● **The input**
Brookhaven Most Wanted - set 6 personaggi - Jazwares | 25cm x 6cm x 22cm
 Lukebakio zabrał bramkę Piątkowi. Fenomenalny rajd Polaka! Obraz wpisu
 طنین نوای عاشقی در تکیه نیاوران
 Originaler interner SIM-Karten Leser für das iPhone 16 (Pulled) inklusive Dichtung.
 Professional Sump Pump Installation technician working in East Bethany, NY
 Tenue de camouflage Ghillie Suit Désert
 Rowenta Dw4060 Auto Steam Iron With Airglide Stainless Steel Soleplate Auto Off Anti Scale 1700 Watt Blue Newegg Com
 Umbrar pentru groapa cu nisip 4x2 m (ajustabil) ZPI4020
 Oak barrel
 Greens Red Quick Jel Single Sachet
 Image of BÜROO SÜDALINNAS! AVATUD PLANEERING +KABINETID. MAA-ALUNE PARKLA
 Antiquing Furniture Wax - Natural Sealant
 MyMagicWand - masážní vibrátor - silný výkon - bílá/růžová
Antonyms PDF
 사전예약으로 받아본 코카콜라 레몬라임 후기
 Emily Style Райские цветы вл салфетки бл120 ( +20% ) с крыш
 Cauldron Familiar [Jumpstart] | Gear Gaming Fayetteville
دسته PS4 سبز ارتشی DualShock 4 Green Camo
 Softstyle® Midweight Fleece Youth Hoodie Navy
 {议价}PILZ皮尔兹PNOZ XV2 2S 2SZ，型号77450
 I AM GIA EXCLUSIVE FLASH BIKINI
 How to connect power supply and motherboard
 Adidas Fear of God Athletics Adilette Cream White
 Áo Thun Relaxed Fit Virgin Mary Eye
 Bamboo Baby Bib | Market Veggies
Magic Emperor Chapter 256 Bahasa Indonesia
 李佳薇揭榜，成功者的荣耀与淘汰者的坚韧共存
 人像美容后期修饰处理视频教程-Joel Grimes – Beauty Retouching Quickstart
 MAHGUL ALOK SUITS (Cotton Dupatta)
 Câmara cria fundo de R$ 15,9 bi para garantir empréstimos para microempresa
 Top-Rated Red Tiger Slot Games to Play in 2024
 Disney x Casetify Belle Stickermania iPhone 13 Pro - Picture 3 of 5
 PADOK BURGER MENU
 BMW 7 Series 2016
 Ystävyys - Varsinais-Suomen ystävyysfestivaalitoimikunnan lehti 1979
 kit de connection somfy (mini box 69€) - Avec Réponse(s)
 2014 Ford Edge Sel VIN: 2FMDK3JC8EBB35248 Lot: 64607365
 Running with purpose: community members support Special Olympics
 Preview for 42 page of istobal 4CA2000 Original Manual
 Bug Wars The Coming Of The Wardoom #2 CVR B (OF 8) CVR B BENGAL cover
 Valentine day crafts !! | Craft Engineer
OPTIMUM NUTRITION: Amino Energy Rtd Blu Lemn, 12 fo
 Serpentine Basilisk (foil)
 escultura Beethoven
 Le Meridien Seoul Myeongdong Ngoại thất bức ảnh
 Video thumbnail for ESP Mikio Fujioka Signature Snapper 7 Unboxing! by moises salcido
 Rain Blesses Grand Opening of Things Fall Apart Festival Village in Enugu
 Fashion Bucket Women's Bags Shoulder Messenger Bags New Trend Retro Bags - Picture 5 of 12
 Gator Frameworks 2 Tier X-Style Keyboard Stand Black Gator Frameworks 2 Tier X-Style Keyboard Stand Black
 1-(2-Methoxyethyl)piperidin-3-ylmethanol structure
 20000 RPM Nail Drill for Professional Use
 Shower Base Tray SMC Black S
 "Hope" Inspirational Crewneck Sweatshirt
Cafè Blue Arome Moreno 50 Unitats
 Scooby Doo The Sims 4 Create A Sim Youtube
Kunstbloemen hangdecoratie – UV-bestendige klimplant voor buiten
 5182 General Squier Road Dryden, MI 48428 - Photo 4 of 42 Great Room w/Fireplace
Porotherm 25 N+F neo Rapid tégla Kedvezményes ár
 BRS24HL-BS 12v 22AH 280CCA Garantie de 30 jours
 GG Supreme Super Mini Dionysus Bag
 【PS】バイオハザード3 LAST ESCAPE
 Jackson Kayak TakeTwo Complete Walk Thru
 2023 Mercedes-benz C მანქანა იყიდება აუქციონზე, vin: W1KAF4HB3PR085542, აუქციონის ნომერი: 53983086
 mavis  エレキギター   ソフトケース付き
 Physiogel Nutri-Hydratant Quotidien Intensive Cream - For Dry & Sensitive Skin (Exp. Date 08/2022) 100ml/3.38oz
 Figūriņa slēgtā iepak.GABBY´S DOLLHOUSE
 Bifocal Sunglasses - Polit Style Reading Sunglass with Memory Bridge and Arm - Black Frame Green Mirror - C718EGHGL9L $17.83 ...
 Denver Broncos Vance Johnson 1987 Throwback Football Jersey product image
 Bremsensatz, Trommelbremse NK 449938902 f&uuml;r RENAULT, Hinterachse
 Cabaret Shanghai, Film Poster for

● **What you need to do**
Up to and including the line with "Áo Thun Relaxed Fit Virgin Mary Eye", print every line of the material above, starting from its first line, exactly.

● **Response area**
Brookhaven Most Wanted - set 6 personaggi - Jazwares | 25cm x 6cm x 22cm
 Lukebakio zabrał bramkę Piątkowi. Fenomenalny rajd Polaka! Obraz wpisu
 طنین نوای عاشقی در تکیه نیاوران
 Originaler interner SIM-Karten Leser für das iPhone 16 (Pulled) inklusive Dichtung.
 Professional Sump Pump Installation technician working in East Bethany, NY
 Tenue de camouflage Ghillie Suit Désert
 Rowenta Dw4060 Auto Steam Iron With Airglide Stainless Steel Soleplate Auto Off Anti Scale 1700 Watt Blue Newegg Com
 Umbrar pentru groapa cu nisip 4x2 m (ajustabil) ZPI4020
 Oak barrel
 Greens Red Quick Jel Single Sachet
 Image of BÜROO SÜDALINNAS! AVATUD PLANEERING +KABINETID. MAA-ALUNE PARKLA
 Antiquing Furniture Wax - Natural Sealant
 MyMagicWand - masážní vibrátor - silný výkon - bílá/růžová
Antonyms PDF
 사전예약으로 받아본 코카콜라 레몬라임 후기
 Emily Style Райские цветы вл салфетки бл120 ( +20% ) с крыш
 Cauldron Familiar [Jumpstart] | Gear Gaming Fayetteville
دسته PS4 سبز ارتشی DualShock 4 Green Camo
 Softstyle® Midweight Fleece Youth Hoodie Navy
 {议价}PILZ皮尔兹PNOZ XV2 2S 2SZ，型号77450
 I AM GIA EXCLUSIVE FLASH BIKINI
 How to connect power supply and motherboard
 Adidas Fear of God Athletics Adilette Cream White
 Áo Thun Relaxed Fit Virgin Mary Eye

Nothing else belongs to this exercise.